The team doctor, Tim Taft of the University of North Carolina, told me: “To most athletes performing at such high competition levels, an injury like this is career-ending. He will never have 100 percent strength in that knee again.

“But of course, I can’t predict the future.”

I stood in the lobby of a downtown Madrid hotel the next morning, watching as Kerr’s wheelchair was loaded into the back of a van and he was escorted to the airport.

Olson’s wife, Bobbi, embraced him. There were tears everywhere.

I quoted Kerr as saying “Career-ending. Can you believe it? Those are the words that are ringing in my mind.”

Now, two days after Kerr was named head coach of the NBA’s Golden State Warriors, you can say that tearing up his knee at the Madrid Sports Palace on July 17, 1986, was the luckiest break of his life.

Serendipity? Yes. Serendipity.

Because Kerr missed what would’ve been his senior season at Arizona, 1986-87, he was a fifth-year senior when the Wildcats became No. 1 for the first time in school history, finishing 35-3, reaching the Final Four.

It was the right place at the right time.

Had Kerr not been injured in Spain, he might be Arizona’s athletic director today.

By the time the ‘87-88 season began, Kerr had grown out of his “Opie” days and become a man. He established his own identity, setting the NCAA record for three-point shooting (57.3 percent) and created a value to NBA teams that went beyond being a smart guy and team leader, to one who could shoot well enough to be considered a prospect.

The Phoenix Suns picked him with the 50th overall selection in the 1988 draft.

No one confused him with an overachiever again. He played in 910 NBA games and won five championships. He fought with Michael Jordan. He became general manager of the Phoenix Suns. He evolved into one of the top TV analysts in both the NCAA and NBA.

How’s that for an achiever?

At 48, Kerr begins his coaching career at the highest level of basketball.

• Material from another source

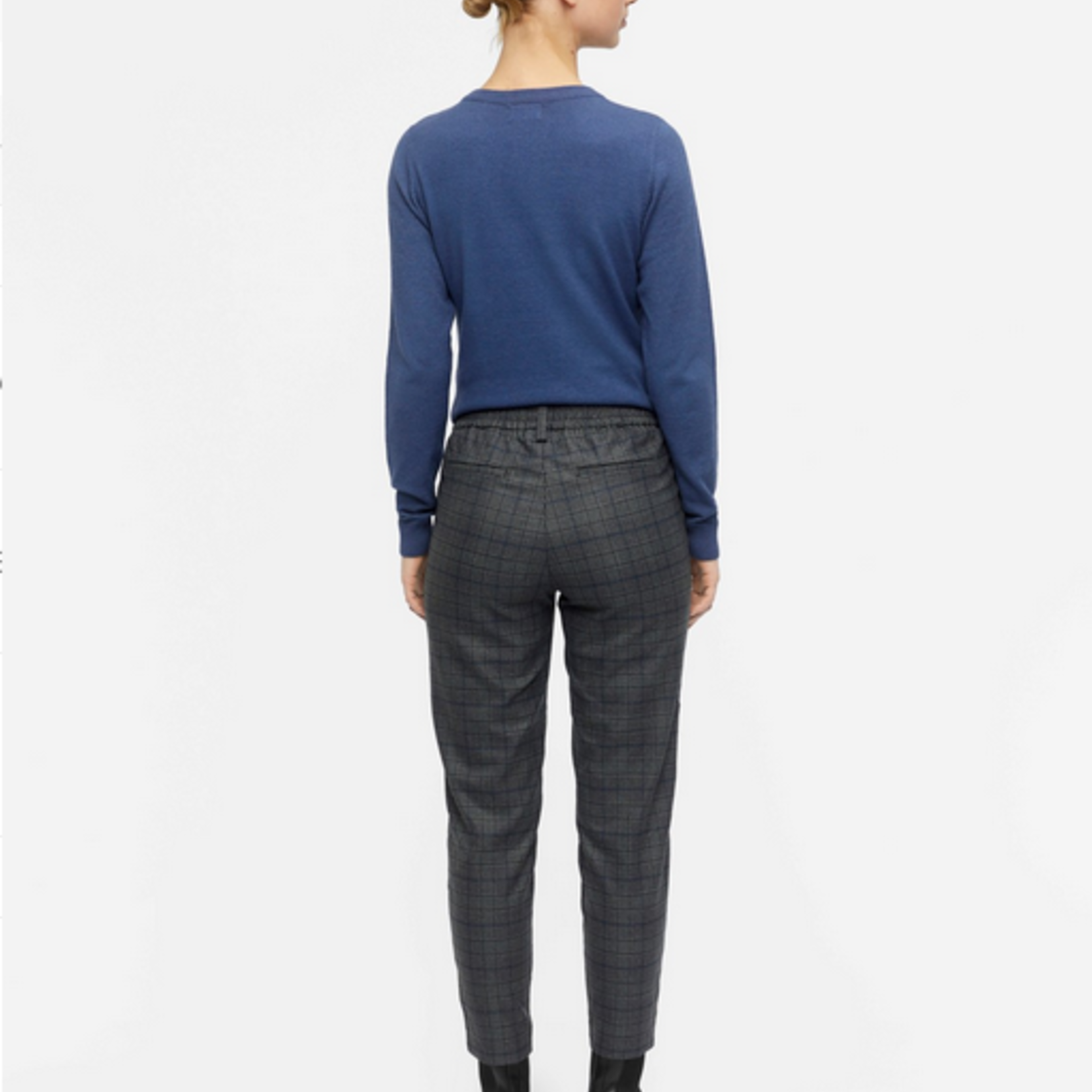 OBJECT OBJECT - Broek Lisa grey/bijou blue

It is inevitable that critics will say he is a) too nice b) too soft and c) too inexperienced to be successful at Golden State, but those who have underestimated him have always been wrong.

He is, if anything, a tough guy.

One week before he was to enroll as an Arizona freshman, August 1983, Kerr arrived at the airport in Beirut, Lebanon, for his flight to Tucson. His father, Malcolm Kerr, was the president of American University of Beirut. Kerr had never been to Tucson. He did not take a recruiting visit here.

A Druze rocket exploded at the airport. Then another. Then two more.

The Druze, members of an Islamic sect, terrorized Beirut; the airport was closed.

For the next two days, at great risk, Kerr was taken to a Marine base where he hoped to catch a flight to Cairo. Both times he was sent home because it was judged too dangerous.

Finally, in a plan devised by his father, Kerr was driven past Druze outposts through Syria to Jordan. It took 10 hours. He reached Egypt and arrived in Tucson a day before classes began.

Five months later, his father was assassinated in Beirut.

His son, a rock, goes on and on and on.